What the exercise asks: The lines below, from the one containing "Premier Suite" through the one containing "Etagère bleue avec", should be set down exactly, with no pictures and nothing else.

Material provided:
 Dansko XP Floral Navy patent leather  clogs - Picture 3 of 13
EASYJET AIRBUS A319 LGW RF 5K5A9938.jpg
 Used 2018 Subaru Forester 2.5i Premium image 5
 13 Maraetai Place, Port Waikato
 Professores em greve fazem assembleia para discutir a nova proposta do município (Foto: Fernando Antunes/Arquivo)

---

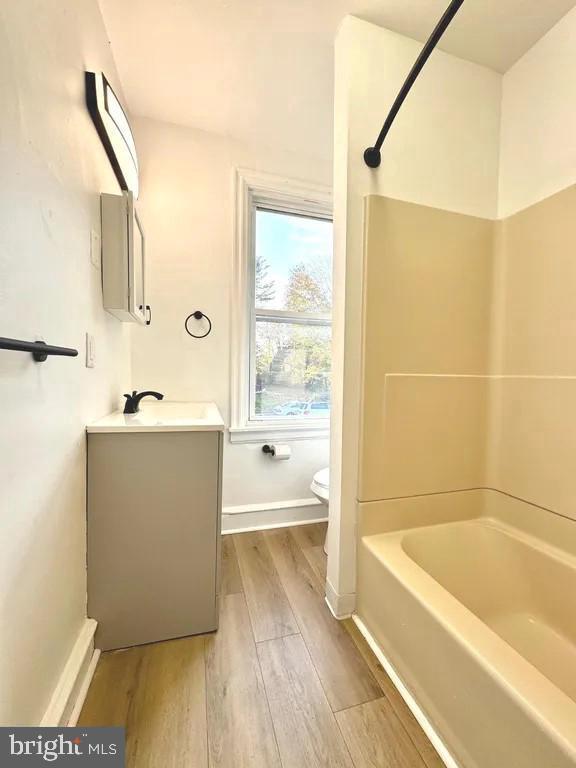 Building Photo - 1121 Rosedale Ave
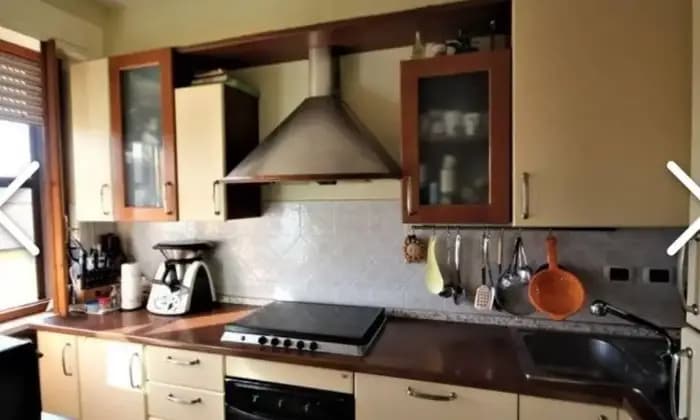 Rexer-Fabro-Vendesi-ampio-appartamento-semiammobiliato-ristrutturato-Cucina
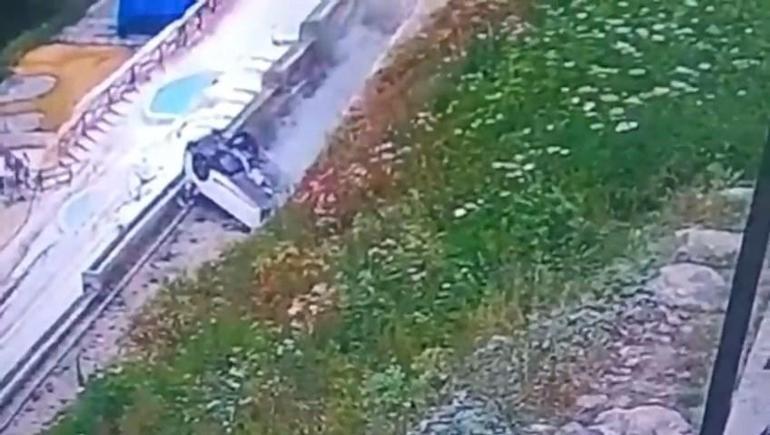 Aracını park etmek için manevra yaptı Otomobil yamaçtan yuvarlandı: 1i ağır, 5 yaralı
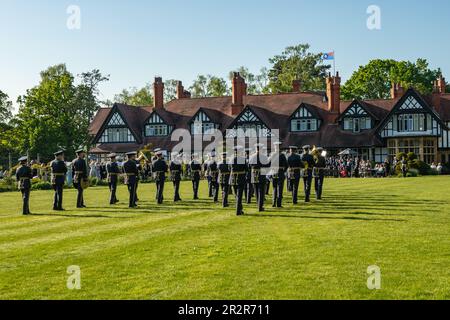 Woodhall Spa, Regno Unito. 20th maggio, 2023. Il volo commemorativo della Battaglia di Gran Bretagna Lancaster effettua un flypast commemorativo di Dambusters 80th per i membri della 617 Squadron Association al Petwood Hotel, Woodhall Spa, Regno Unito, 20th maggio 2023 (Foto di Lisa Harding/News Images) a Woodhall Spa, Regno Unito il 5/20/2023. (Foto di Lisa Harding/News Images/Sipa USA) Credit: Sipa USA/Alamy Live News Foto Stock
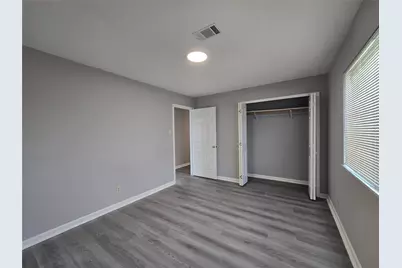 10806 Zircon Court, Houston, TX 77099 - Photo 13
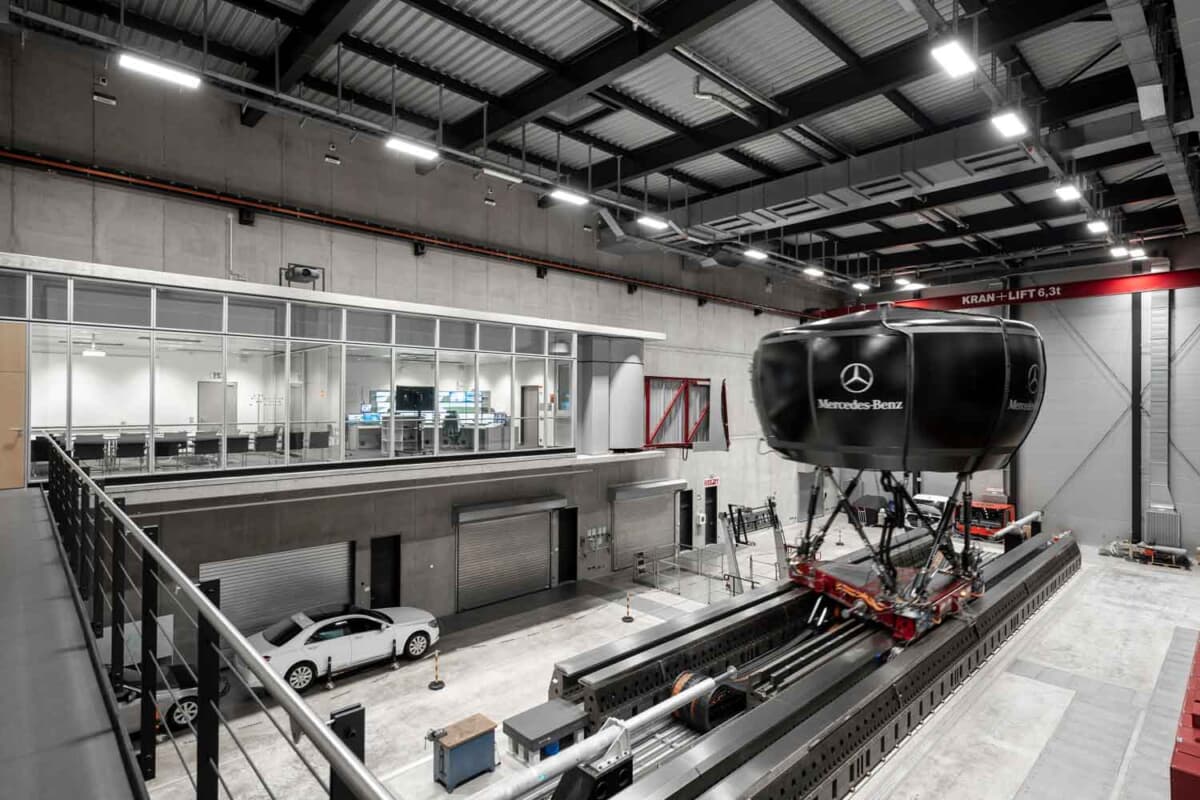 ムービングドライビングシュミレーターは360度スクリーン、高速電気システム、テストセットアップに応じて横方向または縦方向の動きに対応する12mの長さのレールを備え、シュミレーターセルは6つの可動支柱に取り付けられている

==

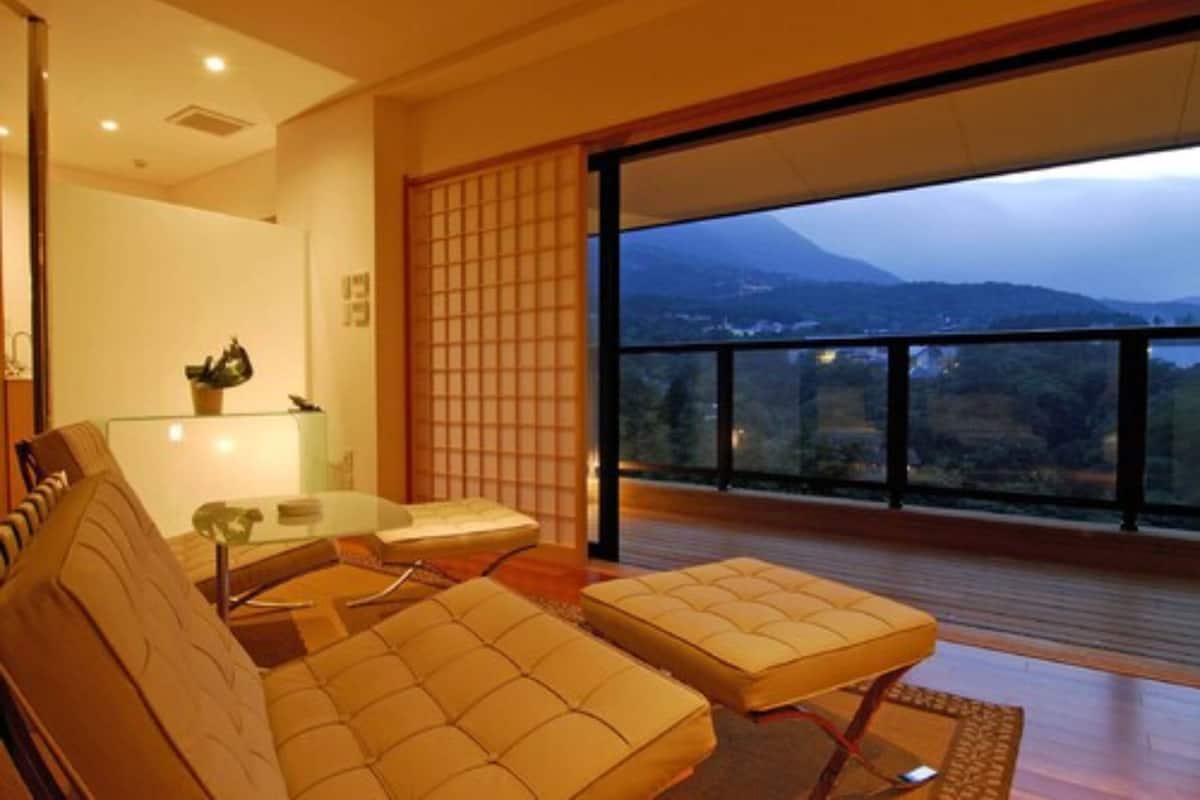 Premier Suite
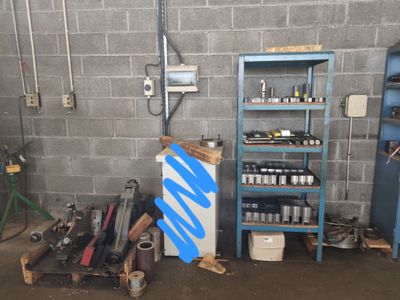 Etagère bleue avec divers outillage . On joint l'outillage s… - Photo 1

Answer section:
 Premier Suite
 Etagère bleue avec divers outillage . On joint l'outillage s… - Photo 1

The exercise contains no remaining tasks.